Nonostante l’esito del
referendum del 4 Dicembre non è stato ancora sventato il pericolo di una
codifica formale di un regime personalistico – autoritario che si intendeva e
si intende realizzare in Italia sulla base di assunti dettati da poteri
economici e finanziari esterni al sistema politico e ispirati nella sostanza
dal documento di Rinascita democratica stilato dalla loggia massonica segreta
P2 nel 1975. Sulla base di questi primi
punti fermi è necessario indagare a fondo il fenomeno della personalizzazione
così come questo si è realizzato nel corso degli ultimi decenni all’interno del
quadro complesso del sistema politico italiano.
Scrive Rossana Rossanda: “
Penso che oggi ci sia un bisogno
spontaneo della gente di avere più una persona cui collegarsi che un’idea”.

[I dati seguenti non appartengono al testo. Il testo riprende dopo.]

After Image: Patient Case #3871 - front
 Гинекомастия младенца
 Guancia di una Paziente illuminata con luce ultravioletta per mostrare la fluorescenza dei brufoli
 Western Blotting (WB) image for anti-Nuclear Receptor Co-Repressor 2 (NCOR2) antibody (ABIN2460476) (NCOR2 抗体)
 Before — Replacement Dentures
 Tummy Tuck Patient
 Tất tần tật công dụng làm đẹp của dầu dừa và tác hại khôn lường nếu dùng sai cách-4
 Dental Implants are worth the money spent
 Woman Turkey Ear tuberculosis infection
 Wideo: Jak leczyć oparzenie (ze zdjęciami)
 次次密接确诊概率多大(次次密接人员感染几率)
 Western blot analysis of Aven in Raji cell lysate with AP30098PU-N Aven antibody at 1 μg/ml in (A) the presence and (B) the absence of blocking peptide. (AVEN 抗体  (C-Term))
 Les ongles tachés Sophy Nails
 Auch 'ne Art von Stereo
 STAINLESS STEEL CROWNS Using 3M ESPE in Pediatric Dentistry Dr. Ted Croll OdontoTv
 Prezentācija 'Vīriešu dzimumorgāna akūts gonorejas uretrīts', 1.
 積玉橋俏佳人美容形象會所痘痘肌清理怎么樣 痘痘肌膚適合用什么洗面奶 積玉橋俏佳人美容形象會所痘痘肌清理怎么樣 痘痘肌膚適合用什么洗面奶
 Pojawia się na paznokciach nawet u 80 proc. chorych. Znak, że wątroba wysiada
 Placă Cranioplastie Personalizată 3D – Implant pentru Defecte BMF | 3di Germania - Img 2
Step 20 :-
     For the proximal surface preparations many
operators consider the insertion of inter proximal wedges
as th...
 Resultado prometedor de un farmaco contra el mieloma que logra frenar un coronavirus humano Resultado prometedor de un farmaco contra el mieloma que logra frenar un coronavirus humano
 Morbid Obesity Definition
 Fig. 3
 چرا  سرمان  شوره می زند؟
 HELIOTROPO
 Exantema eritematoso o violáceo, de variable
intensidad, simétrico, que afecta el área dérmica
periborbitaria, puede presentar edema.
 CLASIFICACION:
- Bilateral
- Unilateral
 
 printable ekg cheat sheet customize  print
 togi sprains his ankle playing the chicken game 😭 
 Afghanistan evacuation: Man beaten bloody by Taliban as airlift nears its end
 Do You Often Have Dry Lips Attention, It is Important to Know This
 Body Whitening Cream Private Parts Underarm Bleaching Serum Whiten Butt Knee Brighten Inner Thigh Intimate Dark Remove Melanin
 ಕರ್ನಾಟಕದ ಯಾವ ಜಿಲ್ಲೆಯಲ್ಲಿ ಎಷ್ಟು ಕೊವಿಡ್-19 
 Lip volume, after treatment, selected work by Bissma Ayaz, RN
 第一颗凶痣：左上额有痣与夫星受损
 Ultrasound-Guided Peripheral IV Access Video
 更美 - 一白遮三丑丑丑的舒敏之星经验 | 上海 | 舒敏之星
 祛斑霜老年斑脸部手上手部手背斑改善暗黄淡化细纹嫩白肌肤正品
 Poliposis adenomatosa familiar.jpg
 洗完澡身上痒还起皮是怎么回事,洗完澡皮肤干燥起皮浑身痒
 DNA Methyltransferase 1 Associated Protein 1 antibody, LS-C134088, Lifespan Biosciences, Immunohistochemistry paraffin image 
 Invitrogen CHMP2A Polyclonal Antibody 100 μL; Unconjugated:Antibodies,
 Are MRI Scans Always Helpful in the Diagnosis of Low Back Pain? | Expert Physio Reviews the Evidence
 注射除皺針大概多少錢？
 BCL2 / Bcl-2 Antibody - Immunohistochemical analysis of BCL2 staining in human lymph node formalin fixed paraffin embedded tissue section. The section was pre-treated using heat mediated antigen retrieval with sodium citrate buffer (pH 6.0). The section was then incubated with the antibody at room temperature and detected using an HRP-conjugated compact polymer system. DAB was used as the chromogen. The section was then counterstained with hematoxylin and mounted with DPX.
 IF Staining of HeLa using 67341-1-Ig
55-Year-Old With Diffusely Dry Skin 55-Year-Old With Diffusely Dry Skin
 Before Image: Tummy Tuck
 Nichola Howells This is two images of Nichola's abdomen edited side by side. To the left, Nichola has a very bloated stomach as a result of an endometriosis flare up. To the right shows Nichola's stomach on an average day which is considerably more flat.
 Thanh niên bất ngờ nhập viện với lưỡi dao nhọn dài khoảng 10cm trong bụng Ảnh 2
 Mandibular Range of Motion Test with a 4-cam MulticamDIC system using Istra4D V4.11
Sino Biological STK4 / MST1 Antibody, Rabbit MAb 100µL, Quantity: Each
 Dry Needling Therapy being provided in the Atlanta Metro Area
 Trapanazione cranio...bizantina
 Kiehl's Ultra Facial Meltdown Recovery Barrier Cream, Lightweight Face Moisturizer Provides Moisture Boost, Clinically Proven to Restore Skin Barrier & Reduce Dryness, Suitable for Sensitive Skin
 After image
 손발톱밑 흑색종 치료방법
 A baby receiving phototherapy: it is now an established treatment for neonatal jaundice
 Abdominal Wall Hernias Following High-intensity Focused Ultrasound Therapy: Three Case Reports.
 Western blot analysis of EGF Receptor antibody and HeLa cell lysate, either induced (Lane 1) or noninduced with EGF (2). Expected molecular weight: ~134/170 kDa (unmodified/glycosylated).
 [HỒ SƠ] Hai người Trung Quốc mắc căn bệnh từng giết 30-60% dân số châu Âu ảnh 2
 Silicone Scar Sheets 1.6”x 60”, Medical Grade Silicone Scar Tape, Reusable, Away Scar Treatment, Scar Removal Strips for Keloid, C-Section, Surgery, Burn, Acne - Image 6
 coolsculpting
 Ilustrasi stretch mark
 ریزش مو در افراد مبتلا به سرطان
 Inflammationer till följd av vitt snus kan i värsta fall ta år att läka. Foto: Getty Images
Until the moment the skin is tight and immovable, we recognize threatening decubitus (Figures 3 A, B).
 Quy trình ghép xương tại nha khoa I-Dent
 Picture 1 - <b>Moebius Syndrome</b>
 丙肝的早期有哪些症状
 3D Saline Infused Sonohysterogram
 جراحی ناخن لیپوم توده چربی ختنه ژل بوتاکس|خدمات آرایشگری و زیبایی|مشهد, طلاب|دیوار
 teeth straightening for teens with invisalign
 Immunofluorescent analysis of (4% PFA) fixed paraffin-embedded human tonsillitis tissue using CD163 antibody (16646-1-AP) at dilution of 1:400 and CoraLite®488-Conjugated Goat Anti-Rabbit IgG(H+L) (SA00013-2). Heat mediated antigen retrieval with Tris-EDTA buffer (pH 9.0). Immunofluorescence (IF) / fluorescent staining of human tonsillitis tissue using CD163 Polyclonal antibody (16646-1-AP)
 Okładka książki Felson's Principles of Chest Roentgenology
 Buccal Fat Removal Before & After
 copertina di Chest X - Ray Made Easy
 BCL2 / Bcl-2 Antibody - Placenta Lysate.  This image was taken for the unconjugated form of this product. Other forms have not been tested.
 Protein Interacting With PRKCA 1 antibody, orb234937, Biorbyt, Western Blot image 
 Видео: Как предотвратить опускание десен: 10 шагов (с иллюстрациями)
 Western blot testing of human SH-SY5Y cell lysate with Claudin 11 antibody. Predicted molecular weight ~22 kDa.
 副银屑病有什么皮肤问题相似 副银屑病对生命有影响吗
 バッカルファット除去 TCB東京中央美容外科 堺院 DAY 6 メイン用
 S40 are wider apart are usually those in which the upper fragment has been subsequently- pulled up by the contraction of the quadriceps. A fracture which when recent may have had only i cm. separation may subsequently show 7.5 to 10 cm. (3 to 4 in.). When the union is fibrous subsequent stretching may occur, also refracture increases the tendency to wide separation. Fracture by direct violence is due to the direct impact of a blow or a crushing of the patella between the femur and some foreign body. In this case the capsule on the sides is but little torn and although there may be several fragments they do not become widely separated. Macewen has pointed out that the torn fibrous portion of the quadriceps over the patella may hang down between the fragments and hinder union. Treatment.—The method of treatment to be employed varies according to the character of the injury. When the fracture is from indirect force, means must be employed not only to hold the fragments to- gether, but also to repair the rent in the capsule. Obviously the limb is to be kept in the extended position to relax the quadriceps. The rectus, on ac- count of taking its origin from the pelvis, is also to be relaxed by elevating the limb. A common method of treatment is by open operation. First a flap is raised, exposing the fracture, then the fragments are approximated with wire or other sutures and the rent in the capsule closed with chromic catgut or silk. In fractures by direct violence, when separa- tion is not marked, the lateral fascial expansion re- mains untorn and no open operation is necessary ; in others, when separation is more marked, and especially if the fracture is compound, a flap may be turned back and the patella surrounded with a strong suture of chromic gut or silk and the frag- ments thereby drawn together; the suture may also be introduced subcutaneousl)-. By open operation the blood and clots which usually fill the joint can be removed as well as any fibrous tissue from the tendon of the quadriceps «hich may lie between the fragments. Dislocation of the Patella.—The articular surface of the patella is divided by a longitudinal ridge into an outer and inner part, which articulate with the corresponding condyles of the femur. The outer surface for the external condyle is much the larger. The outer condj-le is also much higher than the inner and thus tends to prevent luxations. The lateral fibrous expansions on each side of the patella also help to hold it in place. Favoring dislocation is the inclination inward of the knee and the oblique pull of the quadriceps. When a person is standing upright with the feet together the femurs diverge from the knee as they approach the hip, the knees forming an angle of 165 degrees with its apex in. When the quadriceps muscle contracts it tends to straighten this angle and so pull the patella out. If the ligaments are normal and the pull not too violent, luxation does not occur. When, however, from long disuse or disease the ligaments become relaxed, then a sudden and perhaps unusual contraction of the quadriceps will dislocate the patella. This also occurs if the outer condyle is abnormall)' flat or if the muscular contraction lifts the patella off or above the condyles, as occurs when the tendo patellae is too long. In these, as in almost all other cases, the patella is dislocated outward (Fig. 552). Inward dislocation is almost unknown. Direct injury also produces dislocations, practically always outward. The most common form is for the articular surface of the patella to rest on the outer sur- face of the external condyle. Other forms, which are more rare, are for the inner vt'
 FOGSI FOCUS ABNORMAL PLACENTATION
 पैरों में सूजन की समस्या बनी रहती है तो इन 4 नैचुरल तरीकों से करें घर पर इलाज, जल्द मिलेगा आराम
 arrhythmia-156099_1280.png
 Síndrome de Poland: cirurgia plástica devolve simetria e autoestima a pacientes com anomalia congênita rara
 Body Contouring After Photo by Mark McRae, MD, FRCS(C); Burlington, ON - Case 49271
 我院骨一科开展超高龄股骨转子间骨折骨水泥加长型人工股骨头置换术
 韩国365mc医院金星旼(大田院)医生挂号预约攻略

Questo fatto avviene in un
momento di crisi profonda delle identità collettive e di vera e propria
destrutturazione dell’agire politico ormai diluito nei rivoli del
corporativismo.
Un fenomeno chiarito già
negli anni centrali del “secolo breve” da Max Weber che, preso atto
dell’esistenza di una tensione verso un legame rivolto al riguardo del leader
da parte delle masse in ragione della ricerca del successo e quindi
dell’esigenza di controllo del potere, spiegava come in assenza di una forte
spinta ideale viene a mancare una capacità d’interpretazione degli eventi.
Sottolinea Weber, con
un’affermazione di straordinaria attualità legata proprio al “caso italiano”: “
anche sui trionfi politici esteriormente più efficaci pende la maledizione
della nullità”. Sembra proprio la fotografia del PdR all’indomani del vantato (e
inesistente) 40,8% alle elezioni europee del 2014. Inesistente perché
pochissimi hanno valutato quel risultato per quel che valeva anche sul piano
numerico, drogato dall’astensione più elevata nella storia della Repubblica. Quello
della presenza o dell’assenza della spinta ideale rappresenta il confine tra la
direzione vera di un’organizzazione di massa che può anche essere interpretata
da un soggetto identificato personalmente e il demagogo vanitoso che ride,
recita, s’immerge nella finzione e la scambia egli stesso per il vero.
I partiti tramontavano e
la nuova parola magica “leadership” risuonava nel mondo della politica italiana
e procedeva senza che a nessuno venisse in mente un controllo analitico del suo
significato.
Un’analisi non fatta che
avrebbe dovuto svilupparsi, invece, attorno ad un punto: “il potere della
persona” in Occidente rappresenta, in un’interpretazione di lungo periodo, una
perdita secca rispetto a secoli di storia politico – giuridica occidentale che
hanno separato la persona fisica dal potere.
Quando, da parte di
analisti tacciati di eccessivo pessimismo, si accenna a un “arretramento
storico” in atto è proprio a questo tipo di fenomeni cui si fa riferimento.
Un fenomeno del tutto
diverso da quello, ad esempio, della solitudine del presidente americano che,
come sottolinea Mauro Calise nel suo fondamentale “Il partito personale”:
“trascende sì la funzione rappresentativa e concentra una grande autorità di
comando ma questa è protetta, come accade nei sistemi sviluppati, da istituzioni
complesse, da organizzazioni pubbliche che funzionano come procedure”.
Tutto questo non è inteso
dalla personalizzazione all’italiana che discende dall’idea mal interpretata
delle “vocazione maggioritaria” e dal conseguente meccanismo di primarie intese
come plebiscitanti.
Su questi punti avviene la
scissione: una rottura di fondo tra il soggetto che intende incarnare il
plebiscito e il sistema democratico. Ben oltre a ciò che accadrà nella
dimensione ridotta del PD tra chi entrerà e chi uscirà dalla porta girevole,
tra un Pisapia che entra, un D’Alema che esce e un po’ di tremebondi che
restano sull’uscio. I nodi verranno sicuramente al pettine e le scissioni dalla
realtà si misureranno con il concreto.